Von Francesco Kneschaurek

Es scheint allmählich zur Spezialität der Amerikaner geworden zu sein, auf dem Gebiete der Nationalökonomie "Bestseller" zu produzieren, deren Auflageziffern den Neid mancher erfolgreicher Romanciers erwecken könnten. Es ist erst ein Jahr vergangen, seit Kenneth Galbraith mit seinem Buch über die "Gesellschaft des Überflusses" einen Publizitätserfolg sondergleichen buchen konnte, und schon wird ihm der Rang des "erfolgreichsten nationalökonomischen Schriftstellers der Gegenwart" durch einen Kollegen aus dem Massachusetts Institute of Technology (und, wie Galbraith, einen der Berater des demokratischen Präsidentschaftskandidat Kennedy), Prof. Wall W. Rostow, strittig gemacht.

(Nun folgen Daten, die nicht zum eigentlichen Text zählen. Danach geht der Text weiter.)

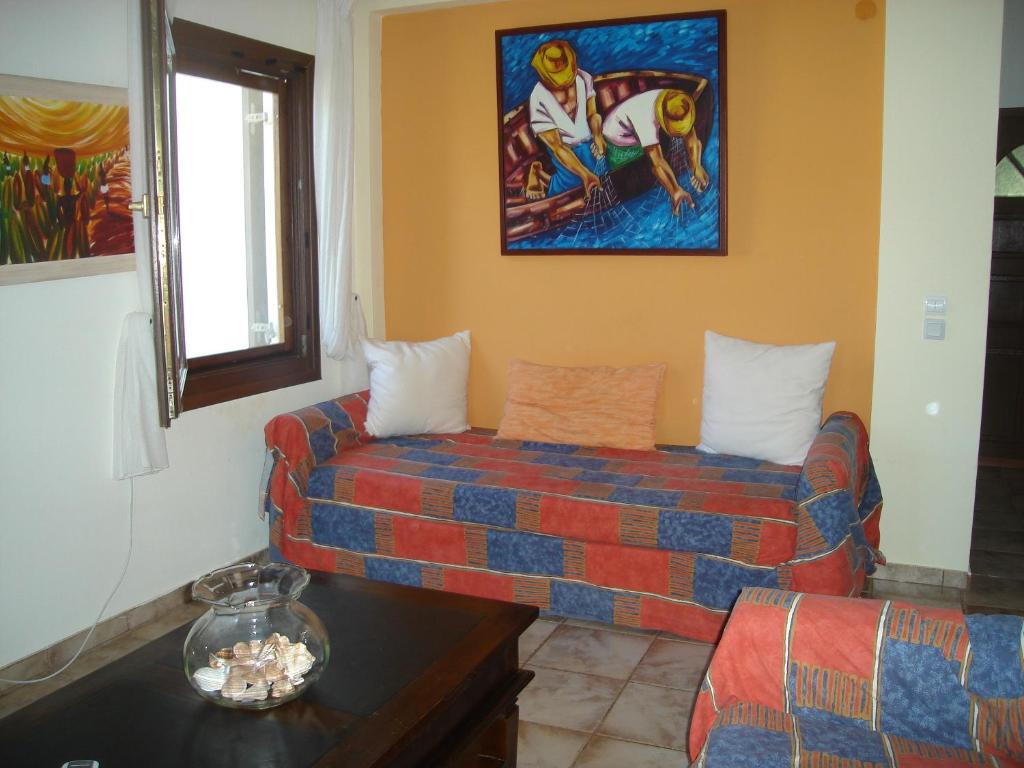 Część wypoczynkowa w obiekcie Stelios Seaside House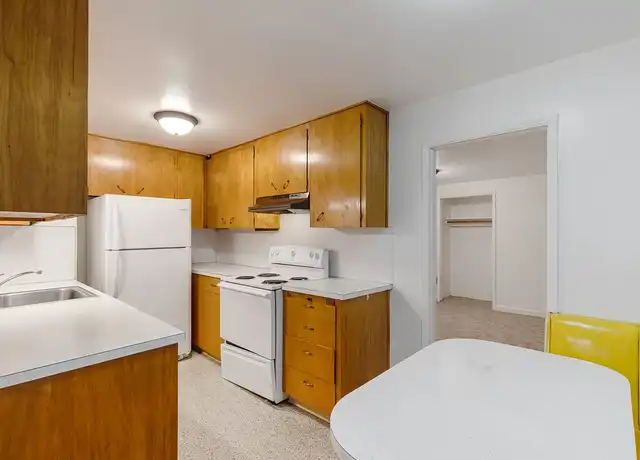 Property at Hampton Court - 2221 NW Flanders St, Portland, OR, 97210, 1 bed, 1 bath, [object Object]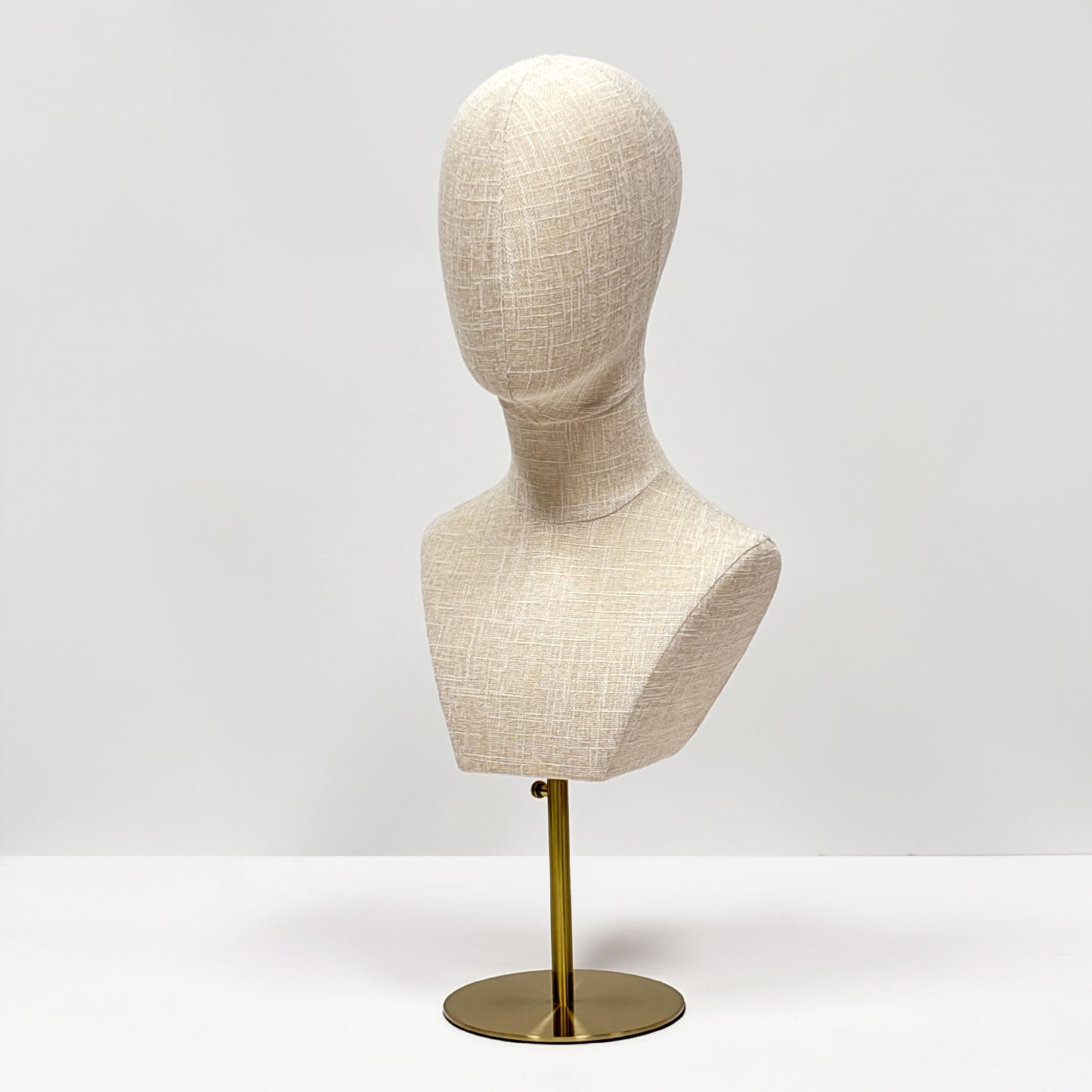 DE-LIANG Fully Pinnable Linen Mannequin Head Form,Bamboo linen Display Manikin Head Stand With Golden Round Base, Detachable Adjustable Heigh Pole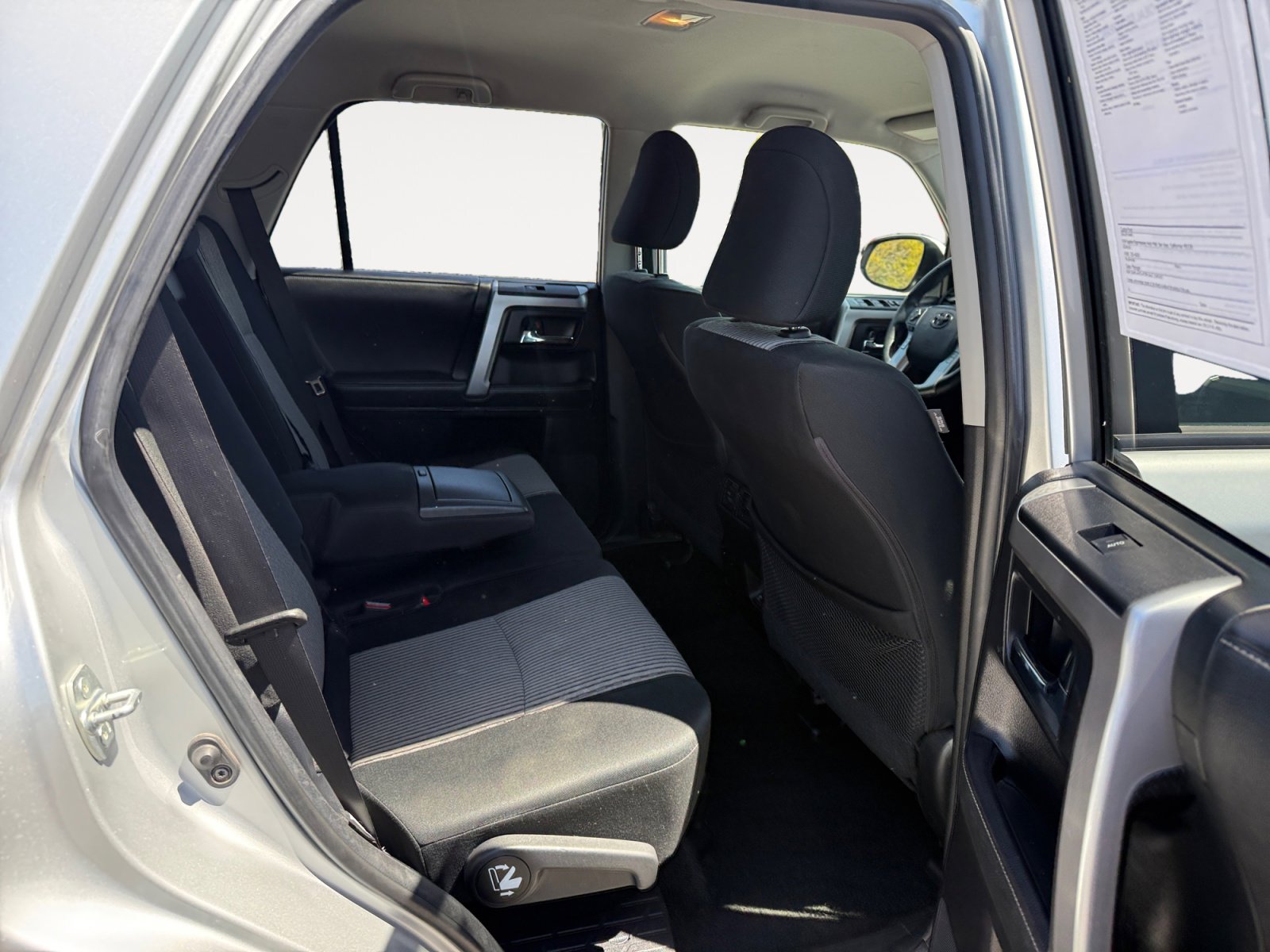 Used 2022 Toyota 4Runner SR5 AWD/4WD image 18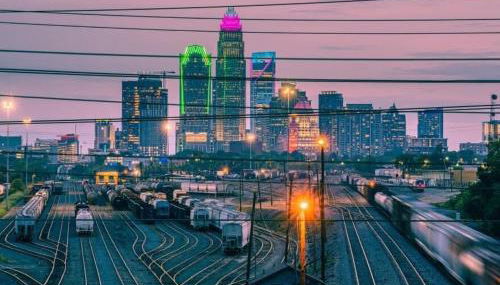 Spacious 2 Bed, 2 Bath Uptown Gem in the Heart of the City-Parking-Wi-Fi-Balcony-Walk to BOA Stadium - Foto 3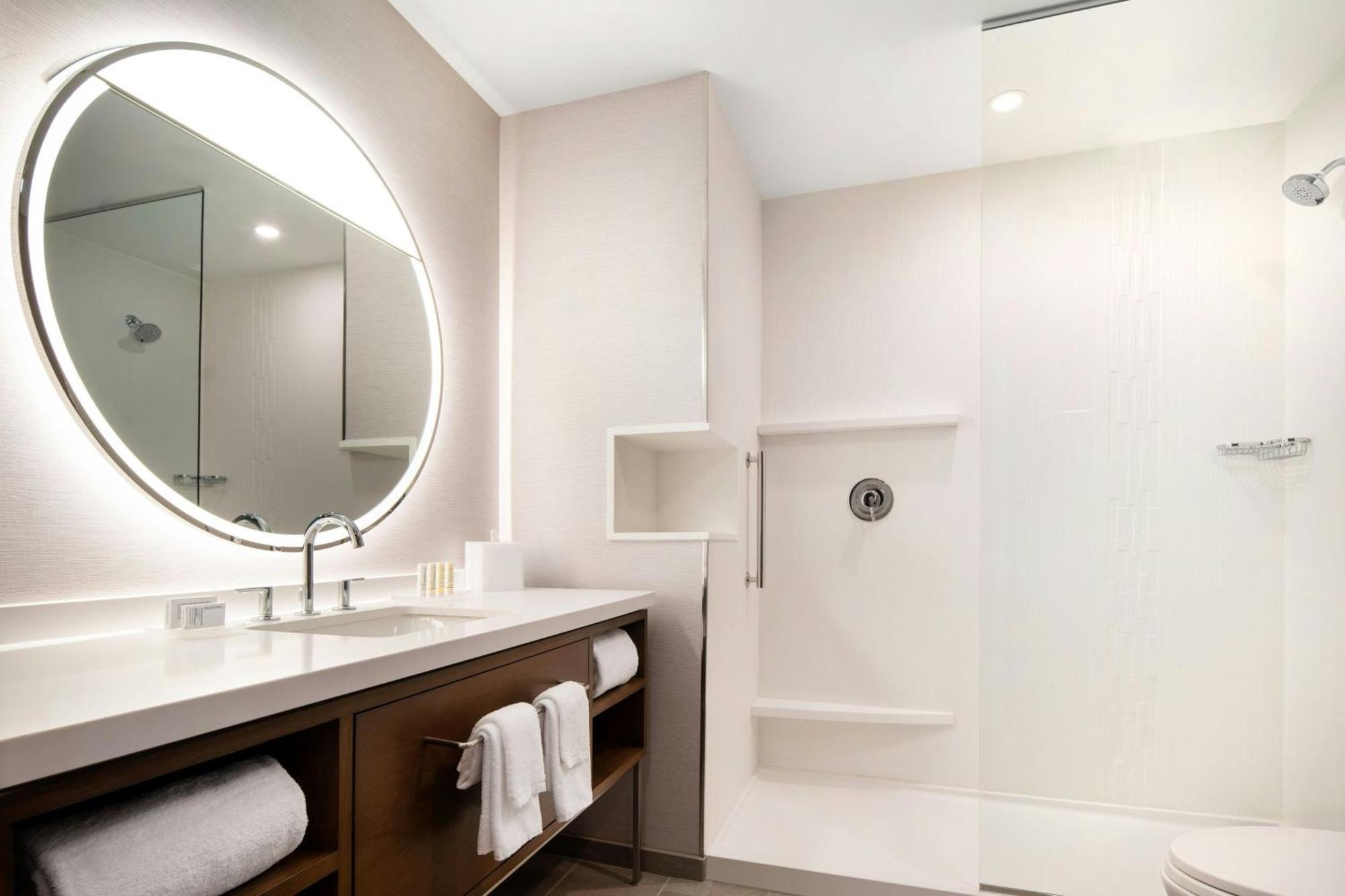 Hotel Courtyard By Marriott Fresno Clovis Exterior foto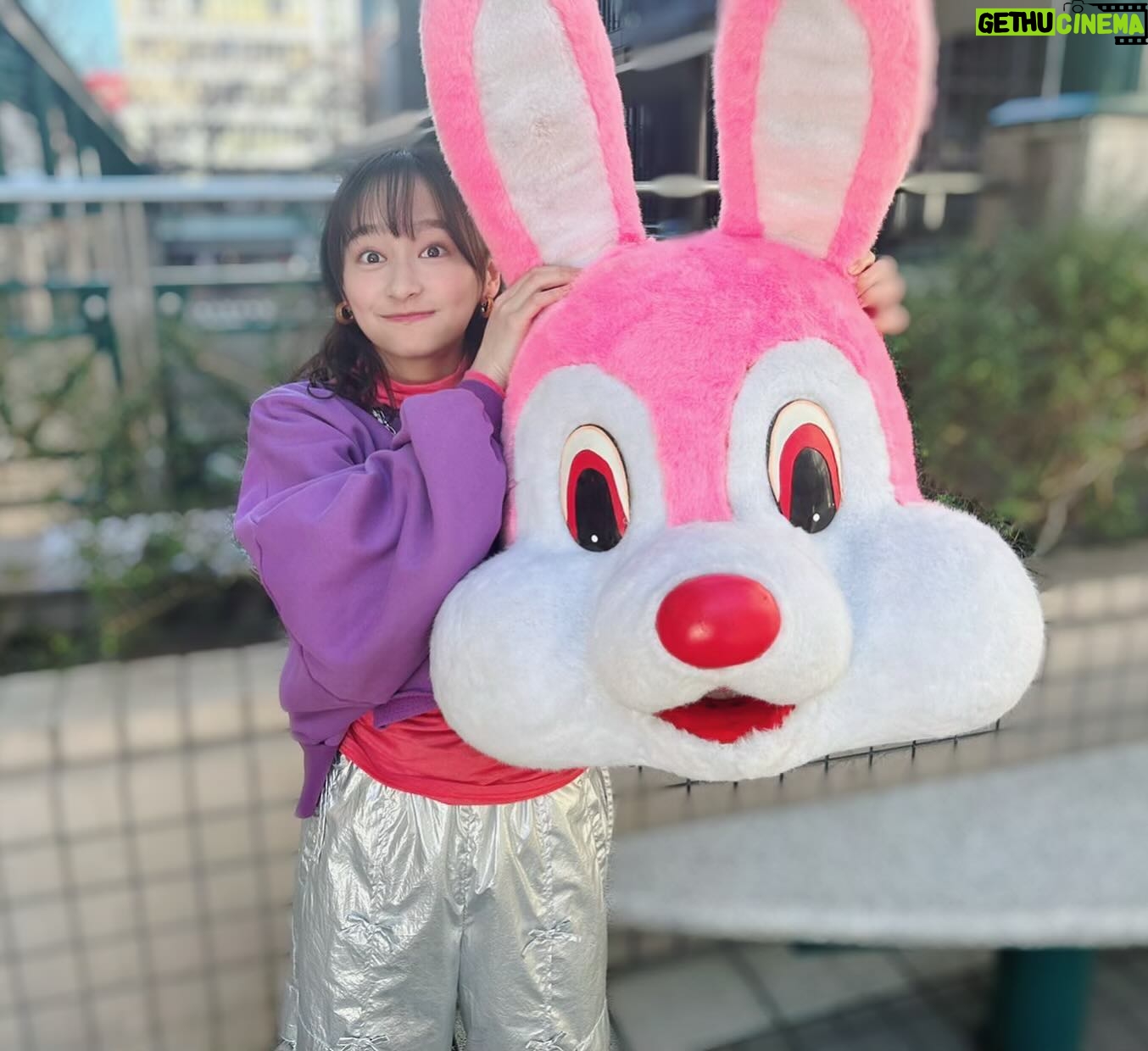 Yuuka Kageyama Instagram - テレビ東京ドラマ25『ハコビヤ』第5話放送です🐰 いよいよ放送の折り返し…剣さんや杏奈をはじめ登場人物の人となりもどんどん明らかになっていきます✨ 田辺誠一さんと5話ゲストの皆川猿時さんとお写真を撮っていただきました😆 これまでのお話とはうってかわったコミカルなお芝居の連続、ぜひ楽しんでいただきたいです🌸 禁断のあのフレーズはどこで発動するのか… 『ハコビヤ』は毎週金曜24:52〜放送しております⚡ TVerでの見逃し配信とともにぜひご覧ください☺️ #ハコビヤ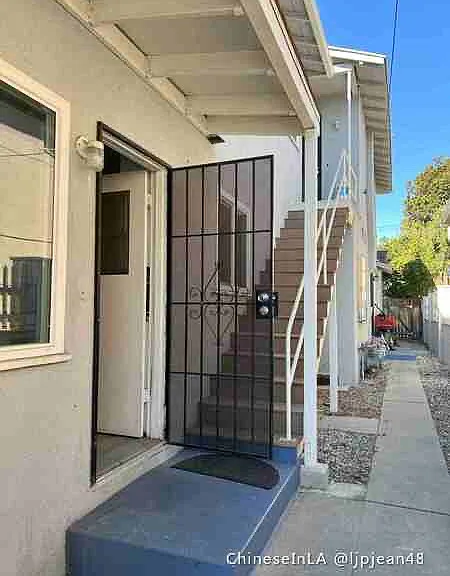 14312 Roscoe Blvd #3 — Photo 2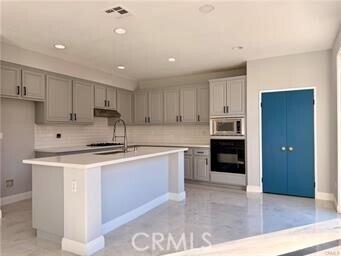 Foto del edificio - 6749 Rico Ct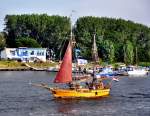 Gaffelkesch  cor. 13:13  Lg.18m - Br. 3,55m - Segelflche 87 m2 - 80 PS Heimathafen Rotterdam NL. Am 07.08.09 auf der Hanse-Sail in Rostock-Warnemnde.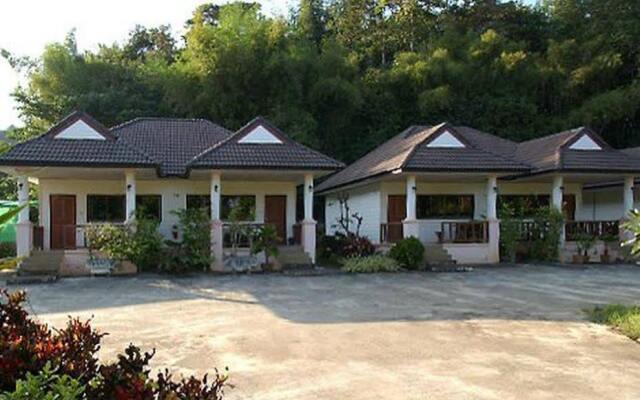 Pimphat Resort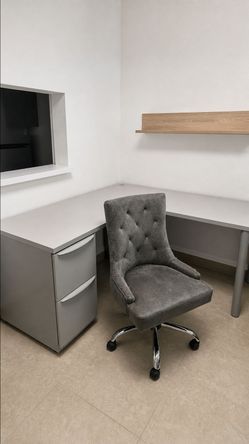 🔥 Heavy Duty L-Shaped Desk + Chair 6FT x 6FT – Like New 🔥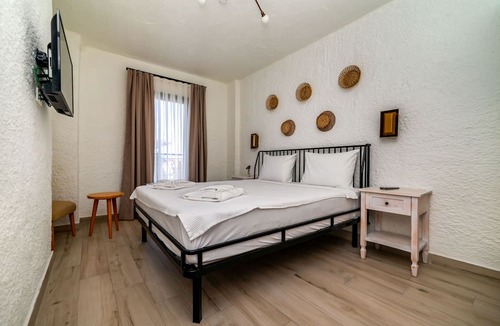 Hacımemis Hotel | Cemal Alaçatı Hotel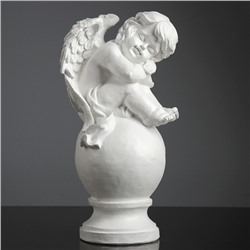 Фигура "Ангел спящий на шаре" белый 15х19х40см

Jedenfalls ist Rostows neuestes Buch The Stages of Economic Growth ("Die Stadien des wirtschaftlichen Wachstums") auf dem besten Weg, alle bisherigen Auflagerekorde zu brechen. Es hat in den USA, in Europa und sogar hinter dem Eisernen Vorhang die Gemüter dermaßen erhitzt, daß man durchaus mit der Londoner Wochenzeitschrift, The Economist" einig gehen kann, wenn sie bemerkt, Rostows Theorie stelle den anregendsten Beitrag eines Wirtschaftswissenschaftlers zur politischen und wirtschaftlichen Diskussion seit Keynes dar.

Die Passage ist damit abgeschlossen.